Nuclear secrecy is a special kind of secrecy, because the atomic bomb is a special kind of bomb. Just as the atomic bomb has been treated as something above and beyond any other category of warfare, so has its secrecy. In the United States, nuclear weapons related information has a separate and parallel structure from other types of state secrets, one that in many ways rests on a very different epistemological foundation than military, diplomatic, or political secrets. When the bomb was thrust upon the consciousness of the world, again and again it was emphasized that it was built by science and by secrecy.
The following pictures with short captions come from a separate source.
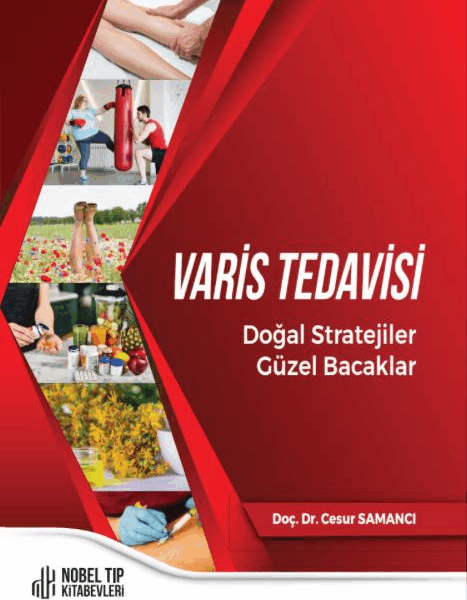 Varis Tedavisi Doğal Stratejiler,Güzel Bacaklar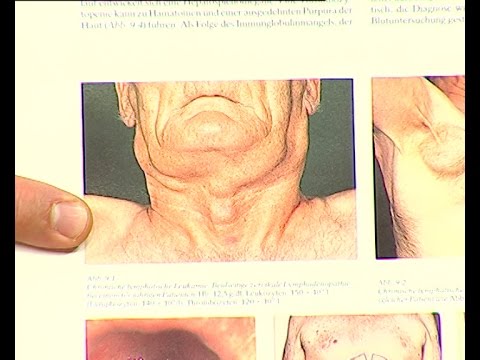 Видео: Лимфоми - видове диагностика и лечение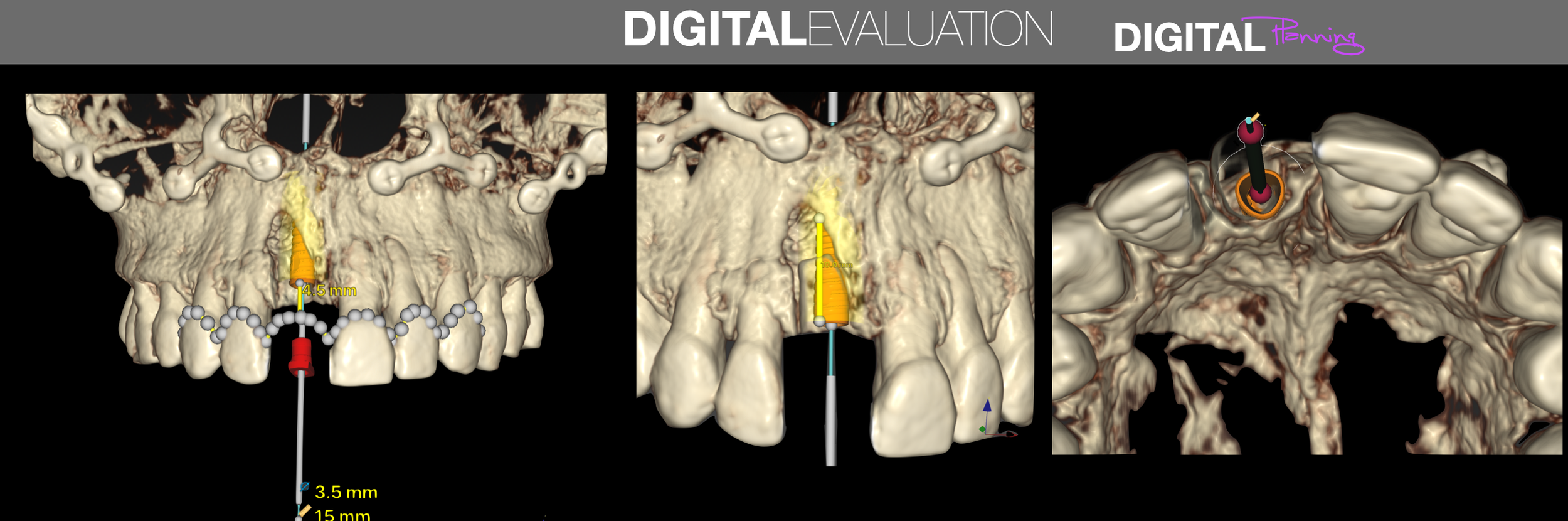 Digital Evaluation.png
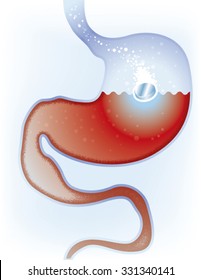Vector illustration of digestive problems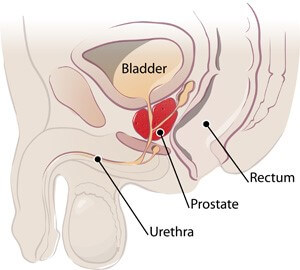 Robotic Prostate Surgery Clinic North Miami FL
In the years since the Manhattan Project, this connection between secrets and security, between nuclear technology and nuclear knowledge, has continued, although it has not been constant, nor evinced the same responses.
This blog takes its name from legal definition of American nuclear secrecy, as defined by the Atomic Energy Act of 1946.1 For me, “Restricted Data” represents all of the historical strangeness of nuclear secrecy, where the shock of the bomb led scientists, policymakers, and military men to construct a baroque and often contradictory system of knowledge control in the (somewhat vain) hope that they could control the spread and use of nuclear technology.
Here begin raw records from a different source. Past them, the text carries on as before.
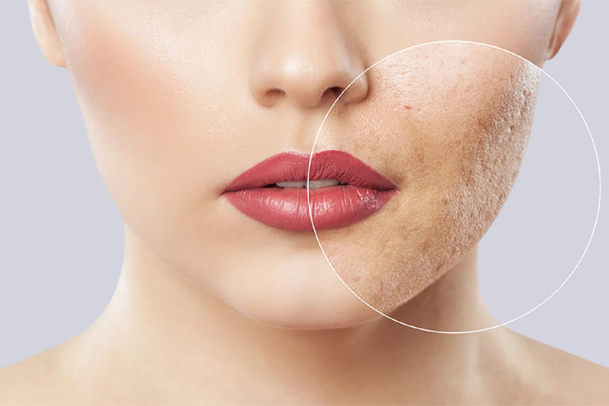 ۴ کرم ضدجوش و آکنه موثر برای پوست صورت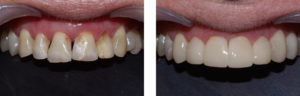 image of black triangle bioclear treated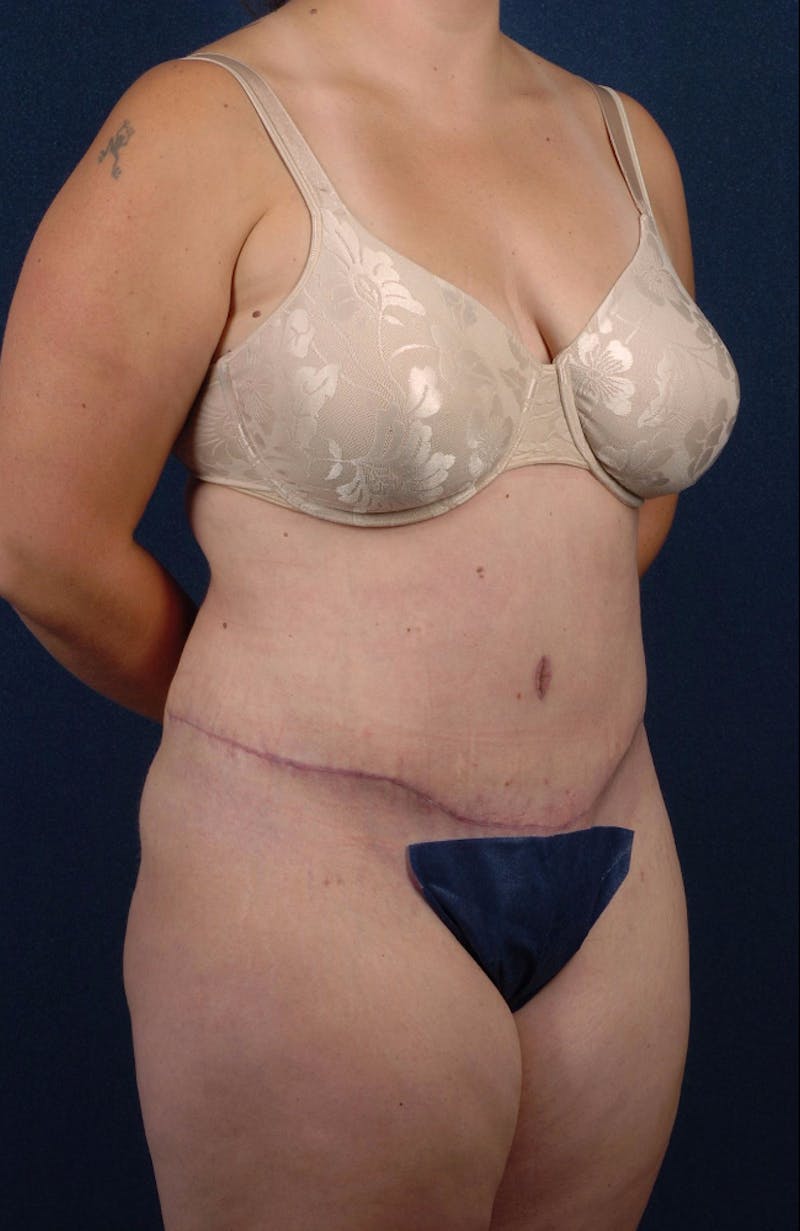 Extreme Body Contouring Before & After Gallery - Patient 9421711 - Image 6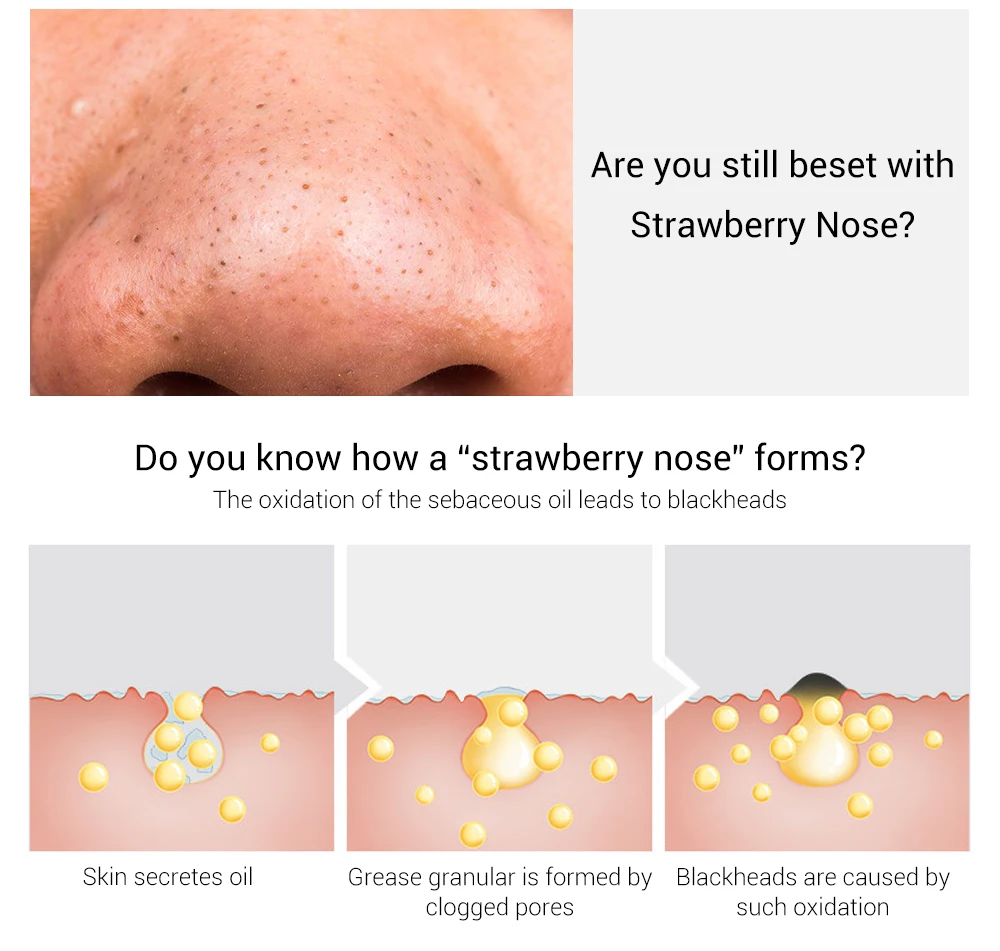 LANBENA Black head Remover Nose Black Mask Face Care Mud Acne Treatment Peel Off Mask Pore Strip Skin Care Peel Mask Oil Control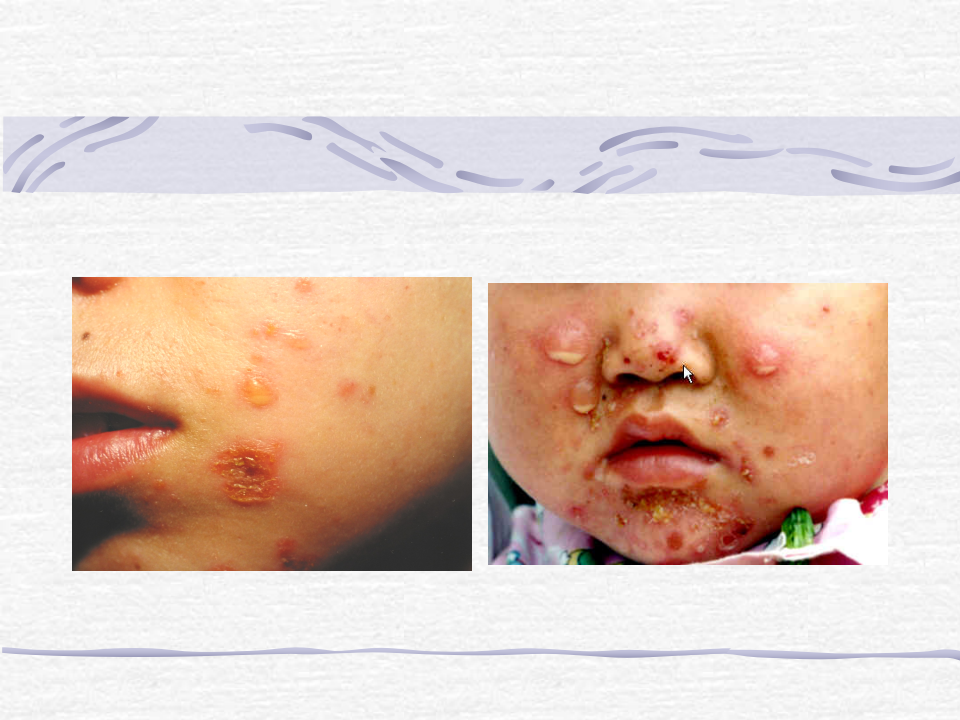 3)春季放射口腔病毒、细菌性皮肤病-新.ppt 第4页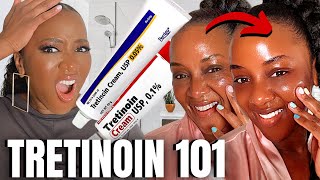 Heres how to PROPERLY Start Tretinoin [upl. by Salvatore]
It is these sorts of matters that this blog is concerned with: the history of nuclear weapons in general (in particular from an epistemological, or knowledge-centric, point of view), and the history of nuclear secrecy in particular. It serves as an outlet for some of the interesting documents, stories, and observations that I’ve come across in my research (both for my Ph.D. dissertation on the subject, Knowledge and the Bomb, and for the subsequent book am I writing).
For more about me, visit the “About me” page. I should say up front that I do not have, nor have I ever had, nor have I ever sought or desired, any kind of security clearance. Everything on this blog was posted in good faith with regards to its classification status, and I am perfectly happy to trade certainty for the ability to speak and speculate.